K-12 Overarching Enduring Understandings and Essential Questions

Overarching enduring understandings provide a conceptual foundation for all students. These statements focus on larger concepts or processes and the relationships that exist that foster transfer of discrete knowledge and skill. As these enduring understandings are written closer to the classroom and grade level, they become more specific and granular in levels of sophistication. 
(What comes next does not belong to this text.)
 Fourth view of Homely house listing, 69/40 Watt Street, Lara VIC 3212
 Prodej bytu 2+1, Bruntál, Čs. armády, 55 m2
Essential questions prompt inquiry, transfer and, through a PK-12 level lens, are more general in nature; providing the opportunity for students to answer the questions in progressively higher levels of sophistication as they progress through the grade levels. 

Enduring Understandings

Students understand that: 

  • When the fundamental needs of a society are not met, conflict and/or change will result.
  • Changes in society are catalysts for new opportunities in exploration and invention; likewise, exploration and invention stimulate change in society.
  • All change has both immediate and long-term roots in the past, as well as branches into the future.
  • Individuals can impact societies and even bring about change by reacting to the existing structure in accordance with their beliefs and ideals.
  • The survival of the individual members of a society depends on their ability to adapt to social and economic changes. 
  • Individual rights and responsibilities vary depending on the type of governance and the social and economic conditions of a society.
  • In order to be effective, systems of governance must meet the needs and values of society.
  • Governance is structured in accordance with the economic conditions and the social and cultural values of a society.
  • Societies must maintain equilibrium between individual freedoms and the welfare of the community as a whole. 
  • Economic systems are based on the relationship between the physical environment (including, climate, geography, and natural resources) and the lifestyles and cultural values of a society.
  • Supply of resources and demands of society affect the production, distribution, price, and consumption of goods and services.
  • Cultures make distinctions between the things that are necessary for survival and those that are considered luxuries. 
  • Division of labor enables societies to meet their economic needs.
  • Economic stability allows for the development of cultural institutions, while economic crises can spur important cultural changes.
  • Historical interpretation is influenced by the cultural perspective of the observer.
  • Culture is the product of the collective expression of human work and thought.
  • Societies are held together by common values and ideals.
  • Race, gender, age, and wealth contribute to class distinctions and social stratification.
  • Values, ethical norms, and traditions are communicated through education, the arts, literature and religion.
  • Each generation challenges, tests, and transforms the values it inherits.
  • The economic, social, and political practices of a society are all interdependent with its values.
  • Differences between cultures often veil similarities.
  • Relationships between cultures involve some combination of conflict and cooperation.
  • Analyzing history allows us to learn about ourselves and make informed decisions that shape our future.
Essential Questions

  • Why study history?

  • Who should have power?

  • How does where we live influence what we do?

  • To what extent is conflict inevitable?

  • To what extent does geography influence our lives?

  • What does culture look like and how do cultures influence each other?

  • Why do cultures clash?

  • What impact do economic choices have on our lives?

  • Why does human behavior enhance interactions?